### SUPPLIED DATA
- - - - -

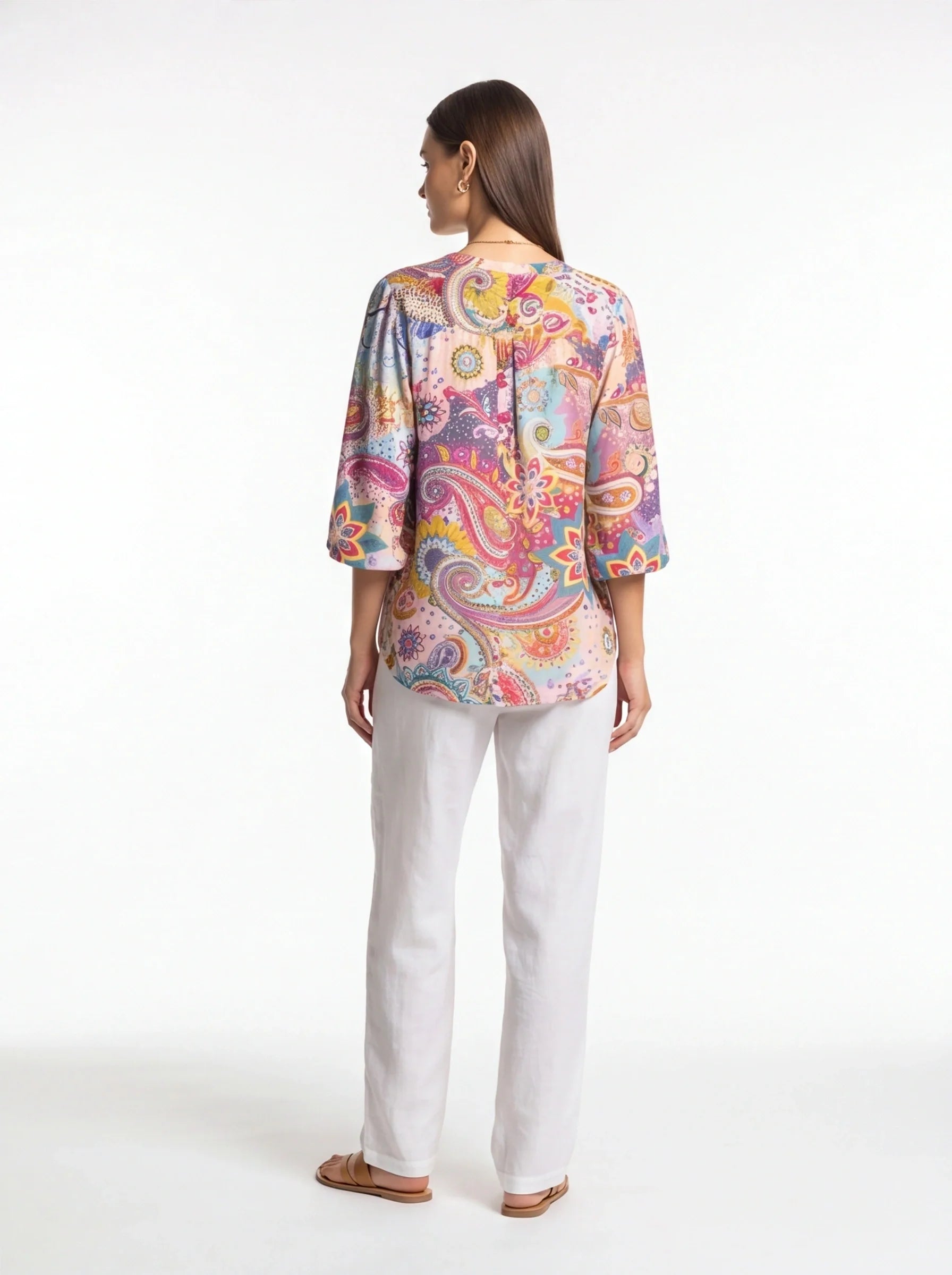 Floral Print Casual Blouse with Soft Fabric and Relaxed Fit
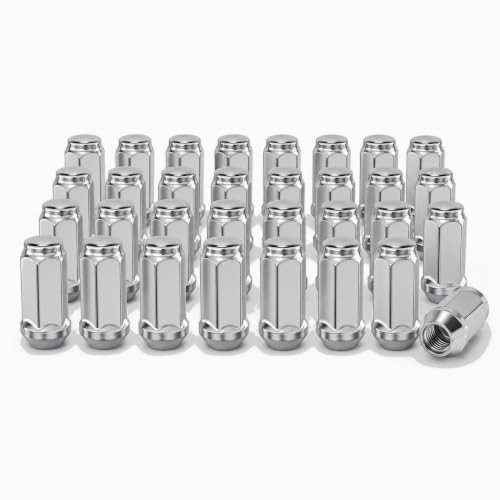 M14x1.5 Chrome Wheel Lug Nuts Set 32 PCS for Chevy Silverado Ram GMC Sierra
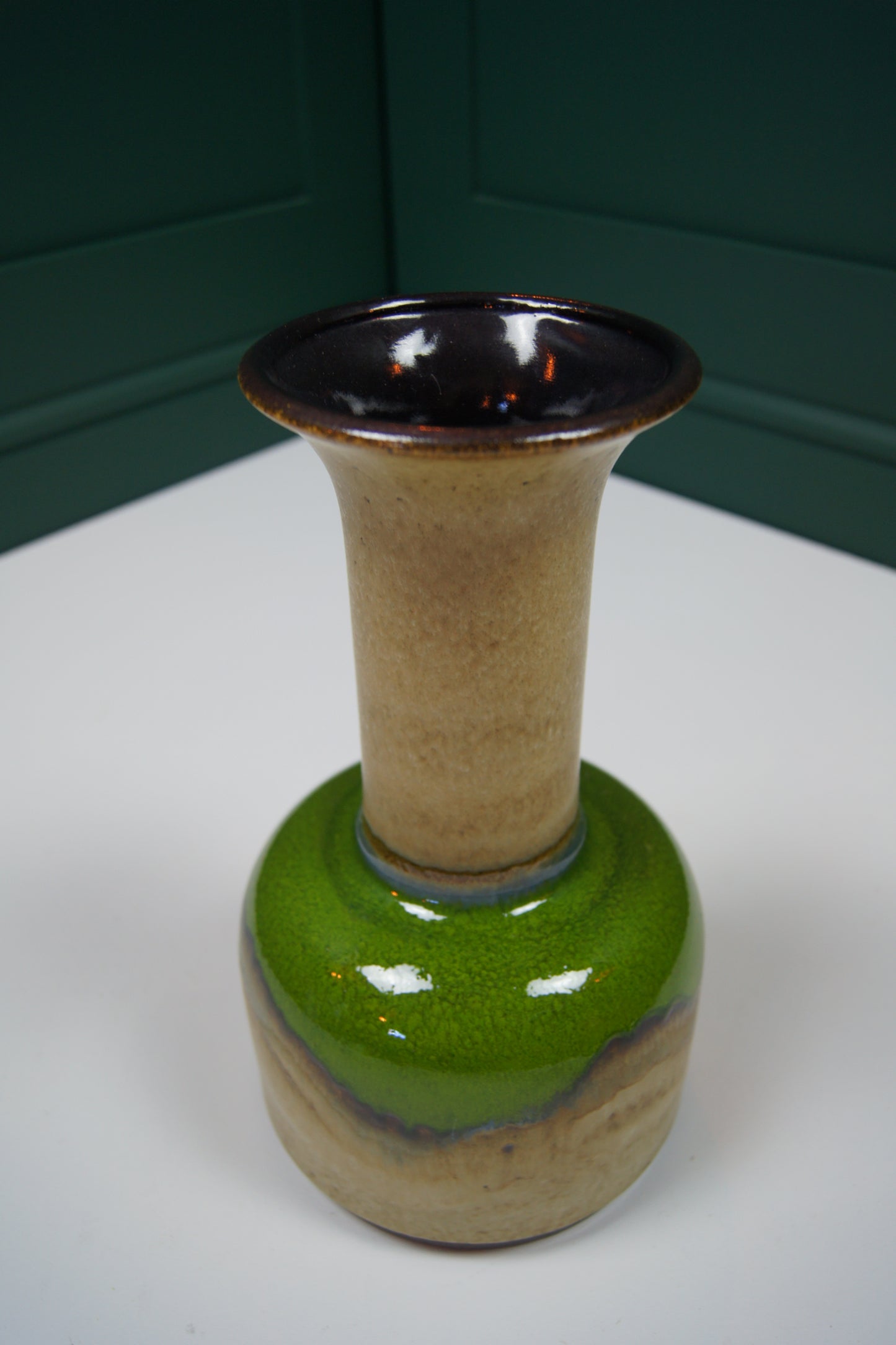 Medium Green & Brown West German Vase '602-10-30'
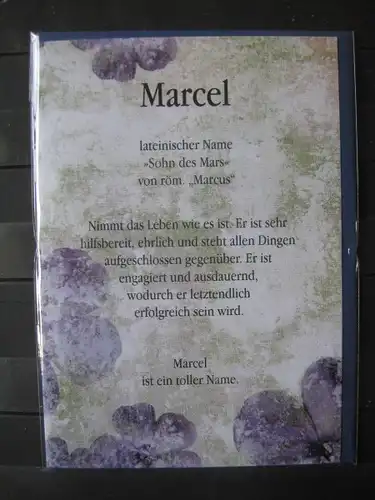 Marcel, Namenskarte, Geburtstagskarte, Glückwunschkarte, Personalisierte Karte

- - - - -

### PROBLEM REQUIREMENTS
Word for word, return the listing above; the pictures do not belong in the copy.

### TASK RESULT
 Floral Print Casual Blouse with Soft Fabric and Relaxed Fit
 M14x1.5 Chrome Wheel Lug Nuts Set 32 PCS for Chevy Silverado Ram GMC Sierra
 Medium Green & Brown West German Vase '602-10-30'
 Marcel, Namenskarte, Geburtstagskarte, Glückwunschkarte, Personalisierte Karte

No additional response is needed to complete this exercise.